Ce que je pense de Bouteflika -27-
Posté par imsat le 3 février 2014
« l’Algérie est un pays ben étrange. Son problème, c’est que le algériens ne s’aiment pas entre eux. Et puis, je ne comprends pas pourquoi les jeunes ne veulent travailler ni dans l’agriculture ni dans le BTP où les besoins en main d’oeuvre sont pourtant immenses. Ils veulent tous être gardiens de nuit dans l’administration ». Je le dis de but en blanc : Je ne trouve rien de discutable dans cet extrait du discours prononcé par Bouteflika le 26 juillet 2008 devant les maires du pays. L’observation du Président résume d’une certaine façon le malaise algérien dans sa configuration la plus profonde, la plus complexe. Je m’abstiens de plancher sur les causes à l’origine de cette détestation de l’algérien pour l’algérien. Je n’ai pas envie de faire l’impasse sur la valeur intrinsèque du constat. Les gens, en tout cas beaucoup d’entre eux, sont souvent expéditifs dans l’évaluation de ce que la réalité leur donne à voir. Il sont impatients de connaître la suite des choses tout en restant dans la superficialité. Moi, ce qui m’intéresse en premier lieu, ce sont les remarques liminaires, leur vérité, leur audace éventuelle, leur portée didactique. Partout dans le monde, les gens ne s’aiment pas entre eux.

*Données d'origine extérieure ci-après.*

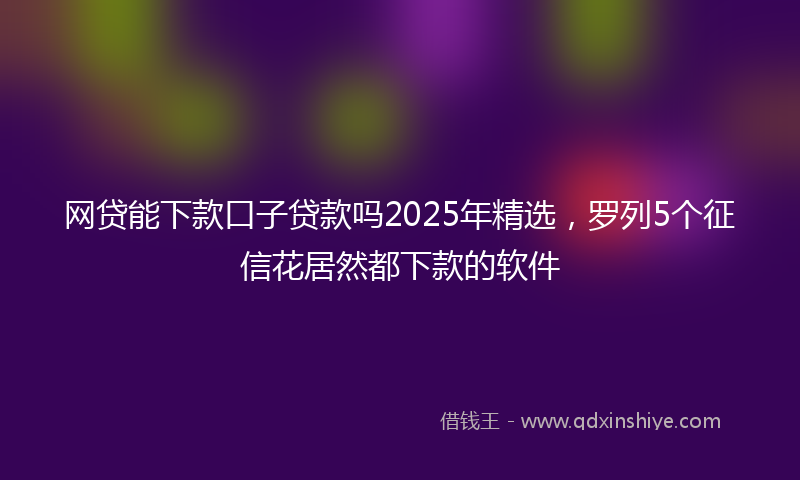 网贷能下款口子贷款吗2025年精选，罗列5个征信花居然都下款的软件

Certains qualificatifs se suffisent à eux-mêmes. La lutte des classes a pris d’autres formes d’expression, d’autres dimensions. Les voisins ne s’aiment pas vraiment entre eux. Quand Bouteflika dit trouver étrange notre pays, c’est vrai. Etrange pourrait signifier incompréhensible, curieux, invraisemblable, étonnant, stupéfiant, bizarre, hors-normes. Ce qui est notable, c’est qu’il l’ait pensé et dit. Les sociologues vont directement aux causes du constat; ils en parlent de façon alambiquée. Ils croient détenir la vérité. Ils ne prennent pas le temps d’apprécier le préambule, l’exposé des faits. Ils aimeraient empêcher les autres de s’imprégner des observations de base. Ce sont des rabat-joie. Quand j’ai entendu Bouteflika évoquer l’étrangeté de l’Algérie, le rapport controversé, conflictuel de l’algérien à l’algérien, les gardiens de nuit, j’ai d’abord tout de suite adhéré au propos. Le Président avait raison. Pourquoi ? Parce que ce qu’il disait était dans la rue, dans la vraie vie. Tout le monde disait la même chose, même ceux qui voulaient devenir gardiens de nuit. Sauf que dans la bouche du Chef de l’Etat, cela a pris une autre signification, une autre résonance. Moi si je dis que l’Algérie est un pays bien étrange, ça ne prend pas, ça n’a pas d’impact. Mais quand ça vient du Président, c’est autre chose. Les historiens, les sociologues essaient de tout expliquer alors que certains qualificatifs se suffisent à eux-mêmes. Les algériens ne s’aiment pas entre eux. Soit. Les flamands et les wallons non plus. Idem pour les français, les russes, les espagnols et les catalans, les indiens. Ce n’est pas la comparaison qui est intéressante. Moi, ce que je retiens, c’est la sidération de Bouteflika face à une réalité connue de tous. C’est le mot étrange qui m’a interpellé. Prononcé par le Président, il vient relativiser en quelque sorte le pouvoir de compréhension et d’action du premier magistrat du pays. Et c’est cela que je trouve digne d’intérêt. L’étrange échappe à l’entendement, au raisonnement logique, au bon sens.